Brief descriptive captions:
==========

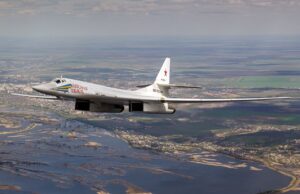 Російські бомбардувальники Ту-160 піднялися в повітря в Іркутській області РФ підняла три бомбардувальники Ту-160: коли можлива ракетна загроза
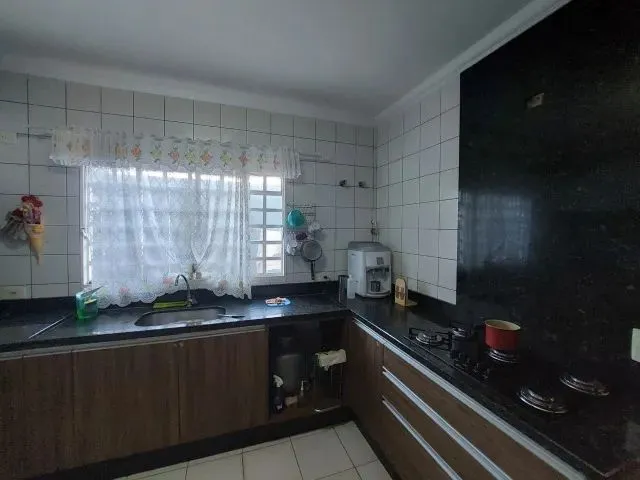 Imagem 4: Aluga-Se! Sobrado para Locação na Região Nobre de Maringá - Excelente Localização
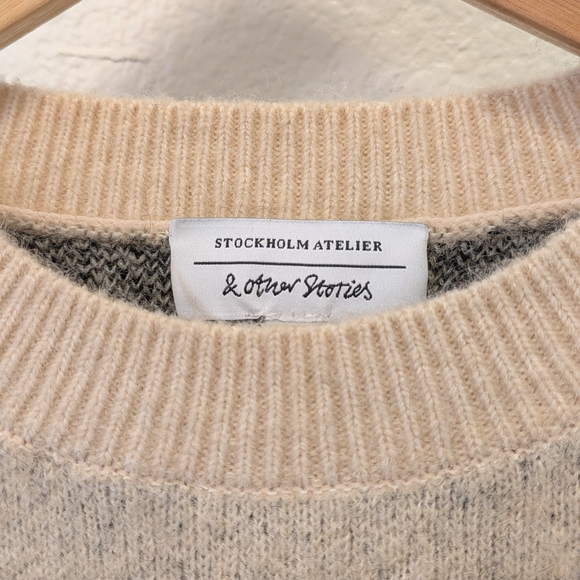 & Other Stories Cream and Black Crew Neck Sweater with Abstract Design - Picture 6 of 6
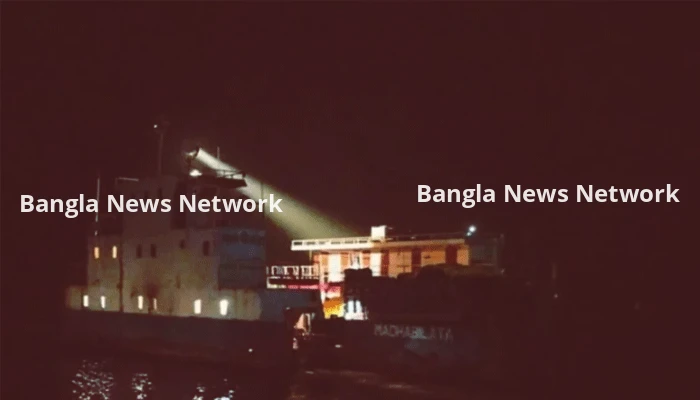 কালবৈশাখী ঝড়ে দৌলতদিয়া-পাটুরিয়া নৌরুটে ফেরি চলাচল বন্ধ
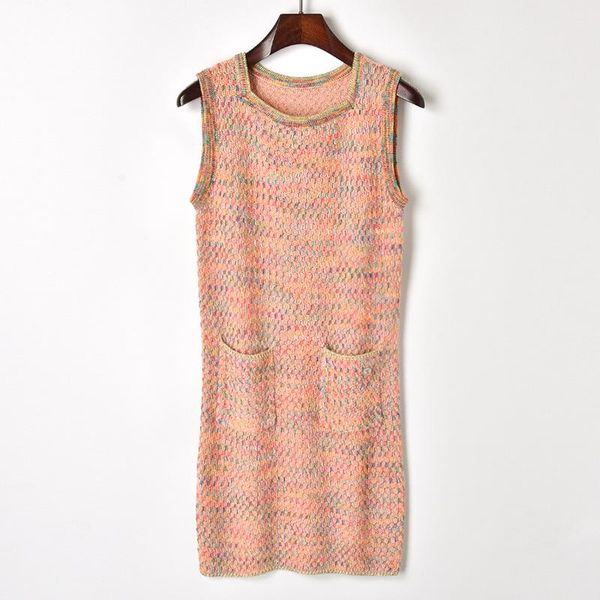 2020 новый летний квадратный воротник женские карманы вязаный свитер платья мини без рукавов танковое платье для девушек a24, Black;gray 
2020 новый летний квадратный воротник женские карманы вязаный свитер платья мини без рукавов танковое платье для девушек a24, Black;gray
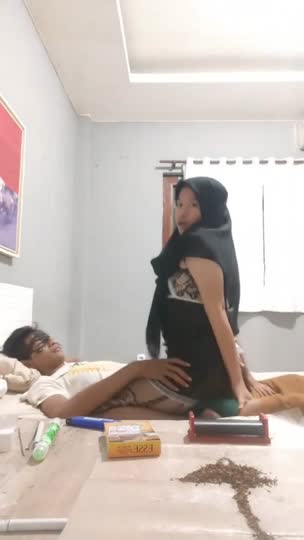 jilbab lingerie hitam ngewe - TTele@hematkawan10.mp4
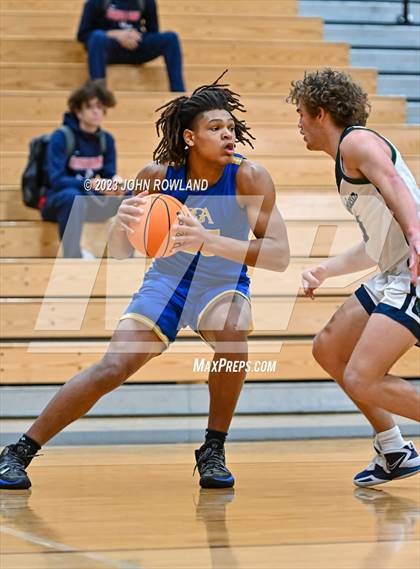 Thumbnail 2 in Battle Ground Academy vs. Creekview photogallery.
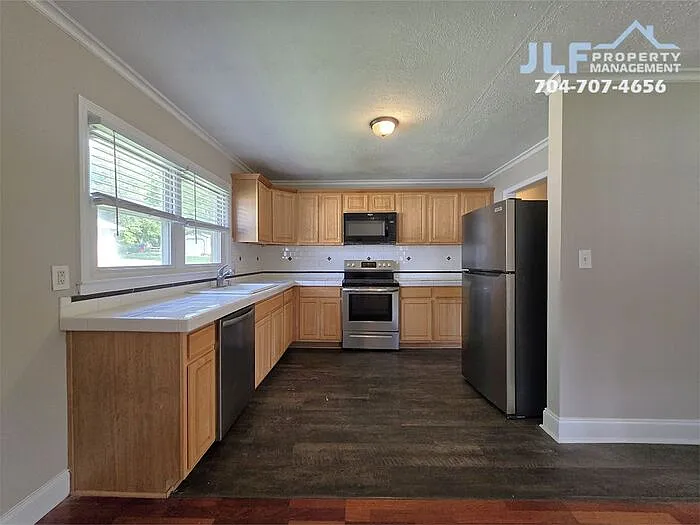 1052 Rembrandt Dr SW #1052 — Photo 4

==========

What to produce
Please copy the lines above exactly as written, apart from any pictures.

Result of this task
 Російські бомбардувальники Ту-160 піднялися в повітря в Іркутській області РФ підняла три бомбардувальники Ту-160: коли можлива ракетна загроза
 Imagem 4: Aluga-Se! Sobrado para Locação na Região Nobre de Maringá - Excelente Localização
 & Other Stories Cream and Black Crew Neck Sweater with Abstract Design - Picture 6 of 6
 কালবৈশাখী ঝড়ে দৌলতদিয়া-পাটুরিয়া নৌরুটে ফেরি চলাচল বন্ধ
 2020 новый летний квадратный воротник женские карманы вязаный свитер платья мини без рукавов танковое платье для девушек a24, Black;gray 
2020 новый летний квадратный воротник женские карманы вязаный свитер платья мини без рукавов танковое платье для девушек a24, Black;gray
 jilbab lingerie hitam ngewe - TTele@hematkawan10.mp4
 Thumbnail 2 in Battle Ground Academy vs. Creekview photogallery.
 1052 Rembrandt Dr SW #1052 — Photo 4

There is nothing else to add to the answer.